Insomma, un po' come capitava in passato, quando dall'Europa venivano esportate gigantesche tubature che ufficialmente partivano come componenti di oleodotti, ma che a volte finivano per diventare pezzi portanti dei super cannoni da guerra di qualche Paese orientale con mire da potenza militare.

È questo il dubbio che aveva alimentato lo zelo dei funzionari dell'Ufficio dogane di Bergamo che, di fronte a quelle dieci gigantesche valvole, non avevano esitato a segnalare la situazione al ministero dell'Economia e alla Procura. Era partita così un'inchiesta, con conseguente sequestro del materiale (valore, diverse centinaia di migliaia di euro): quelle che per la ditta di Cenate Sotto erano semplici commesse, agli occhi degli inquirenti sono diventati corpi di reato.

F. B., l'amministratore delegato della società - un'azienda leader nel mercato della componentistica del settore «Oil & gas» - s'era così ritrovato nel registro degli indagati con un'accusa che detta così, «esportazione di beni a duplice uso», sembra quasi un encomio, ma che comporta pene fino a sei anni e multe da 200 mila euro. Più di un anno sotto inchiesta, poi, nei giorni scorsi, il non luogo a procedere pronunciato dal gup Bianca Maria Bianchi, un verdetto che ha avuto il potere di trasformare un possibile intrigo in una bolla di sapone.

Tutto comincia nella primavera del 2008, quando l'azienda di Cenate Sotto termina la produzione delle dieci valvole e si appresta a spedirle, tramite volo aereo da Orio al Serio, in Qatar, alla società petrolifera intenzionata a utilizzarle per una nuova piattaforma estrattiva. Il materiale deve prima passare al vaglio delle Dogane di Bergamo, ed è qui che scoppia il patatrac.

Le valvole vengono sequestrate nel maggio del 2008, ma due mesi dopo il legale ottiene il dissequestro. I prodotti prendono così il volo per il Qatar, l'inchiesta penale resta però aperta.
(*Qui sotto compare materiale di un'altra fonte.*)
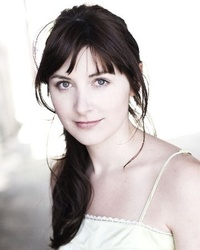  Emma Hamilton 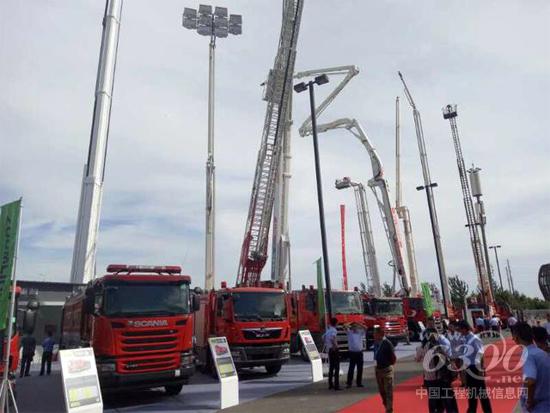 中联重科多款消防装备惊艳亮相CHINA FIRE 2017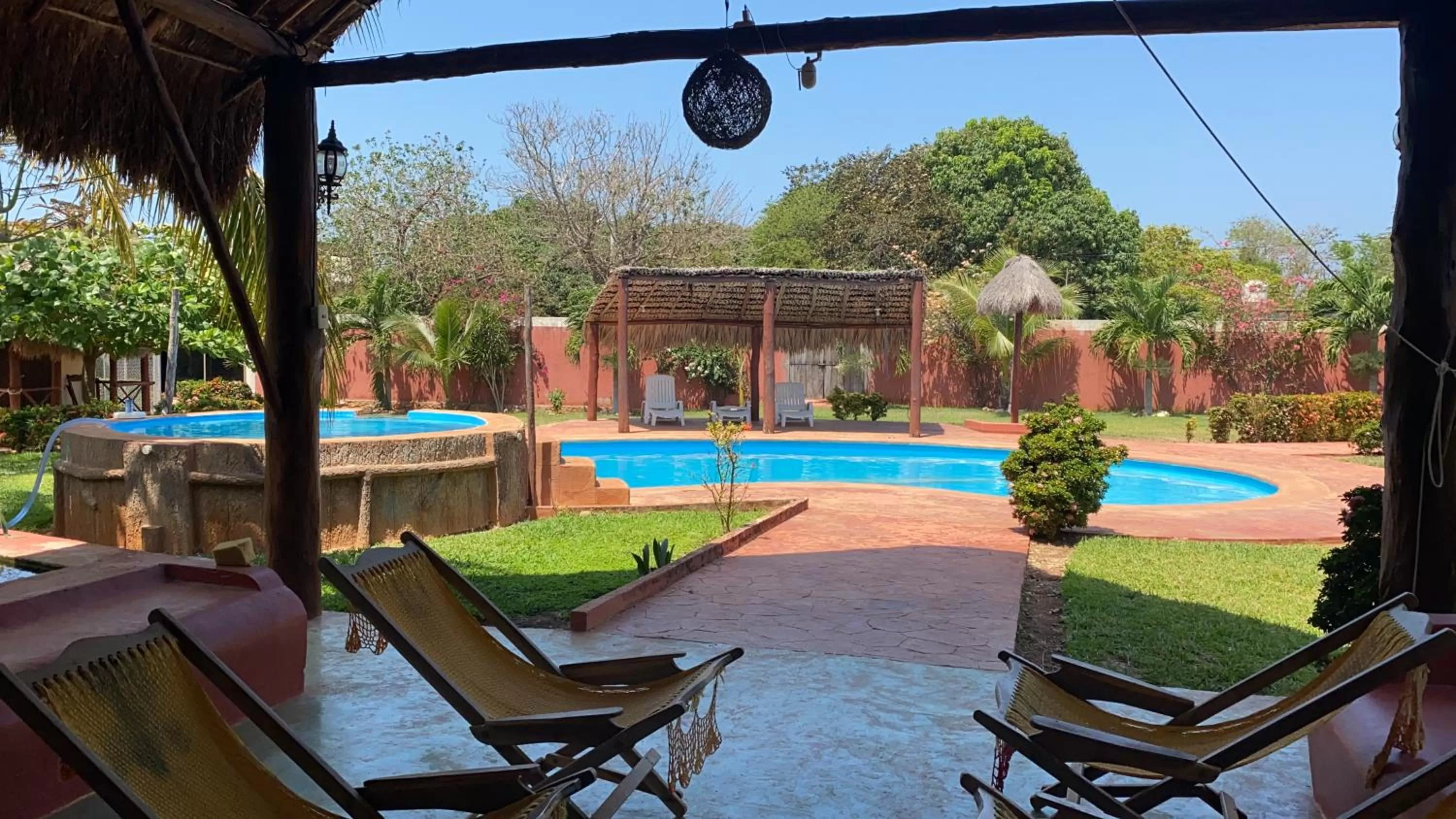 Swimming pool in Mangrove King Fishing Lodge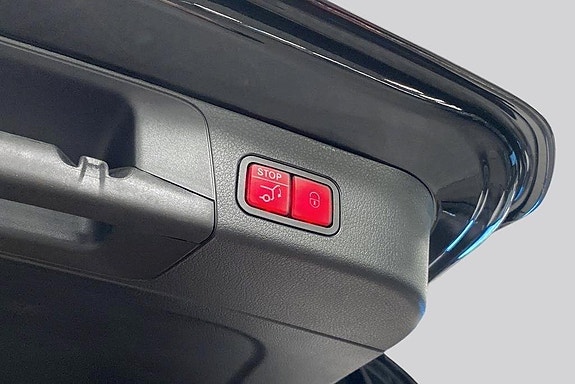 Mercedes-Benz GLB250+ 14 of 14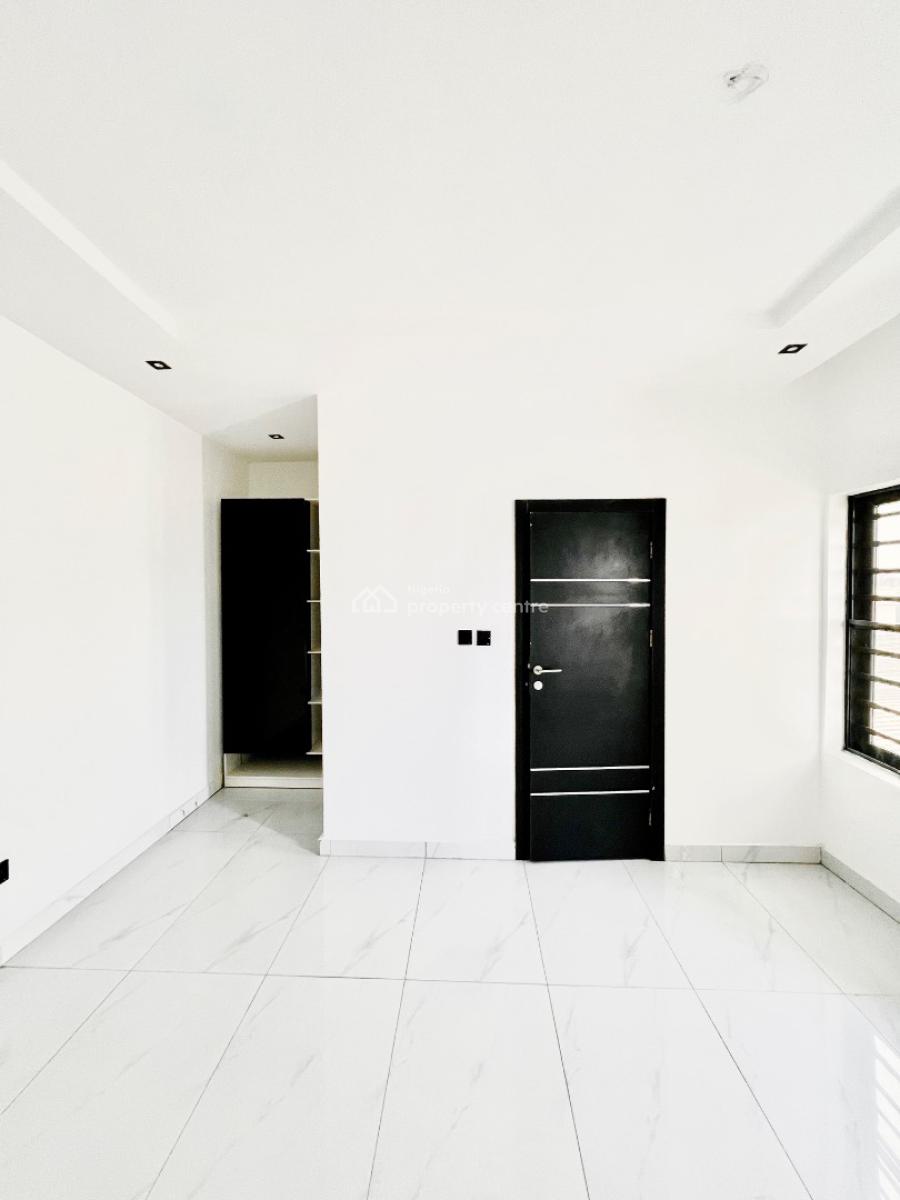 a Stylish Retreat for Your Family -- 5 Beds, Ikota, Lekki, Lagos, Detached Duplex for Sale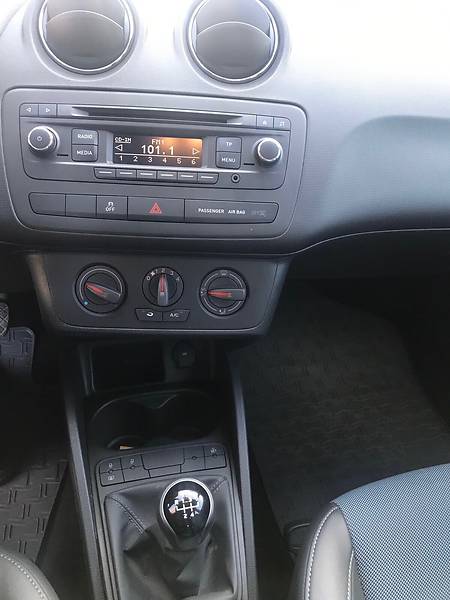 Хетчбек SEAT Ibiza 2015 в Києві фото 6 Хетчбек SEAT Ibiza 2015 в Києві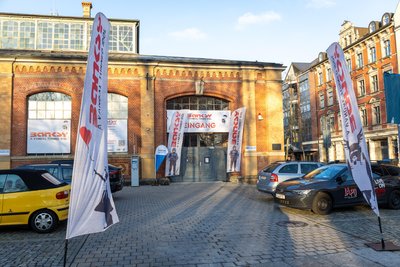 Aus dieser Ausstellung in der Markthalle ist ein Kunstwerk verschwunden.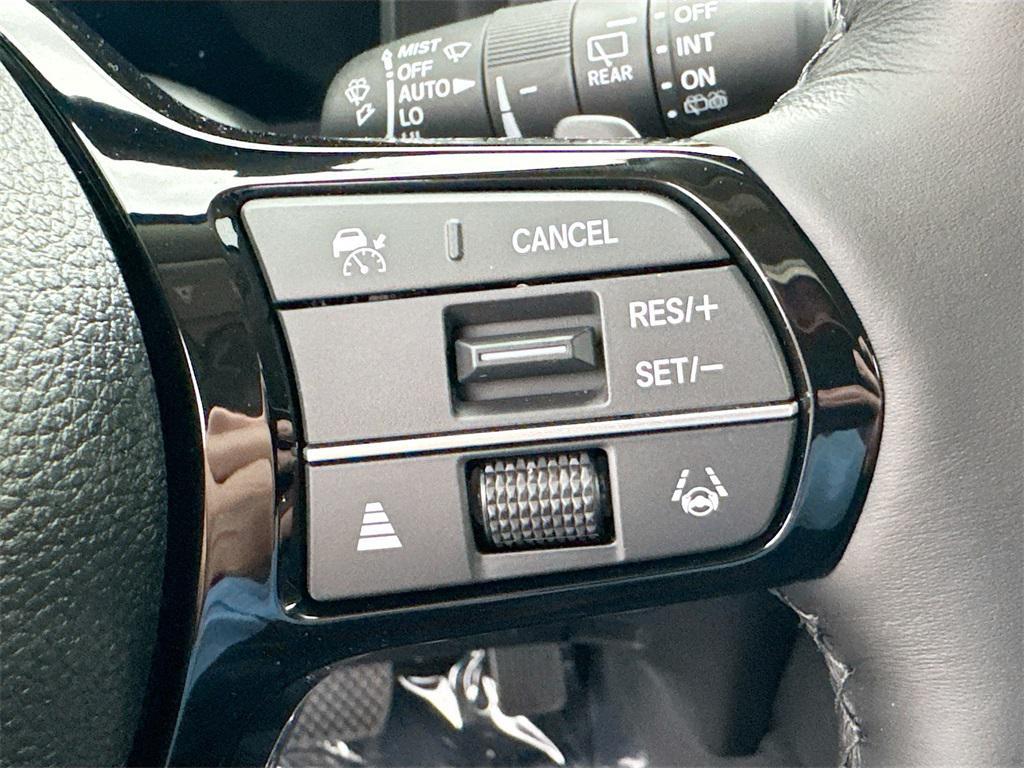 new 2025 Honda Pilot car, priced at $49,822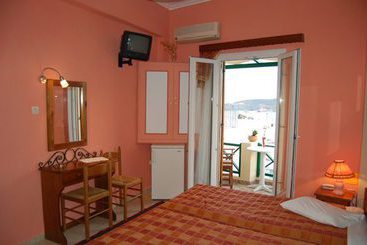 Hotel Pefkakia Park Rooms  | Ermoupolis - Siros Island | Cyclades | Greece 7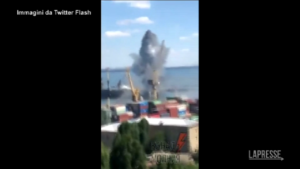 Ucraina, un missile russo colpisce il porto di Odessa: le immagini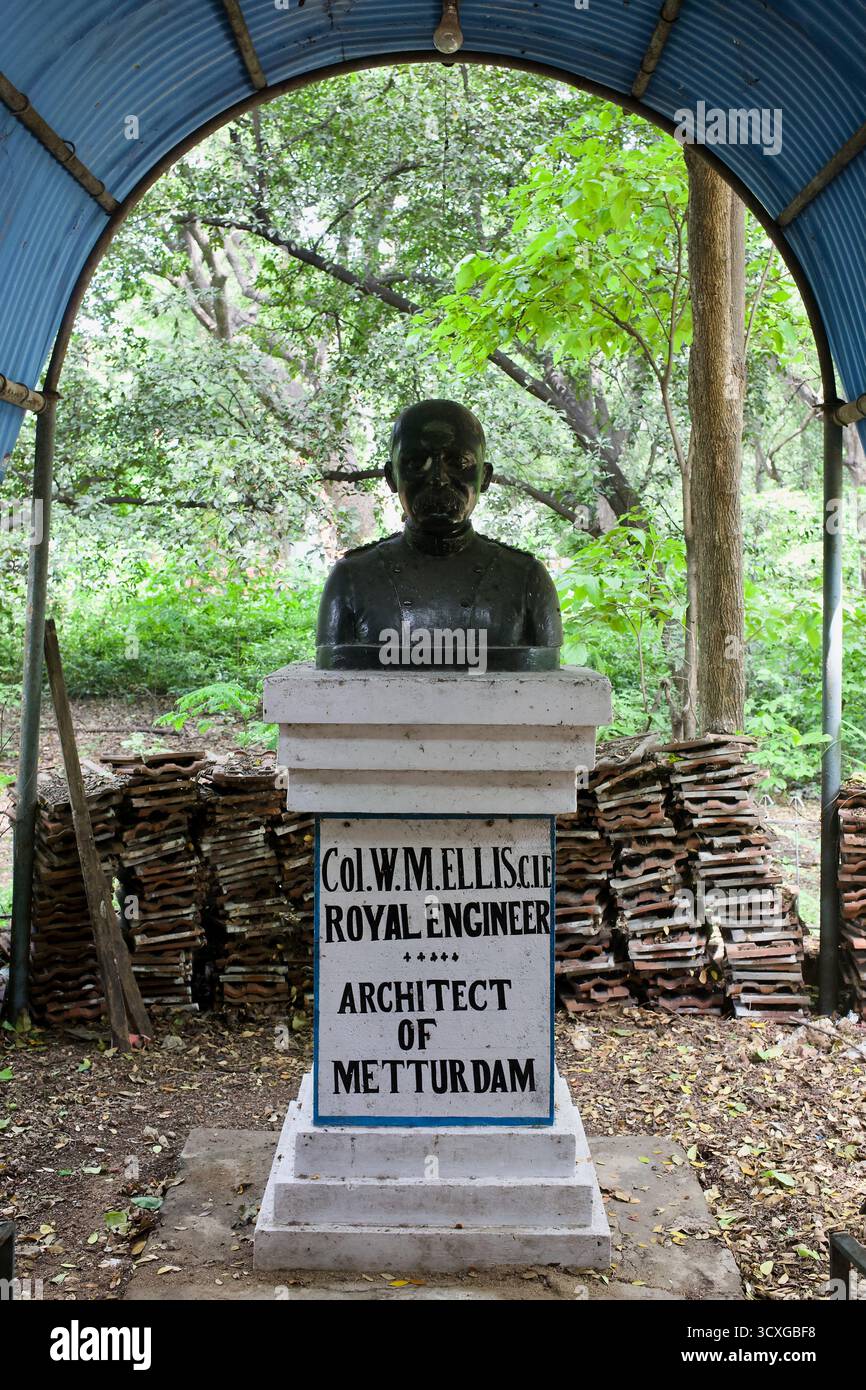 Busto del colonnello W. M. Ellis, ingegnere reale e architetto di Mettur Dam, nel cortile del Museo del governo di Chennai, sotto un riparo ondulato. Foto Stock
Il pm Franco Bettini chiede il rinvio a giudizio e si arriva così in udienza preliminare. Davanti al gup l'avvocato Cortesi sostiene che di questo tipo di beni non c'è traccia nell'allegato dell'Ue, «che si concentra più sulla componentistica riguardante l'utilizzo di sostanze chimiche e non su quella per idrocarburi». Poi il legale convoca i consulenti tecnici del Politecnico di Milano che dimostrano come quelle valvole non siano da considerarsi «dual use» e che dunque la ditta non era tenuta a richiedere l'autorizzazione al ministero dell'Economia.

Argomentazioni convincenti per il giudice Bianchi, che nei giorni scorsi ha optato per il non luogo a procedere. Nessun intrigo internazionale, dunque, solo esportazioni ad alta tecnologia di cui l'economia bergamasca, in questi tempi di crisi poi, dovrebbe andare fiera.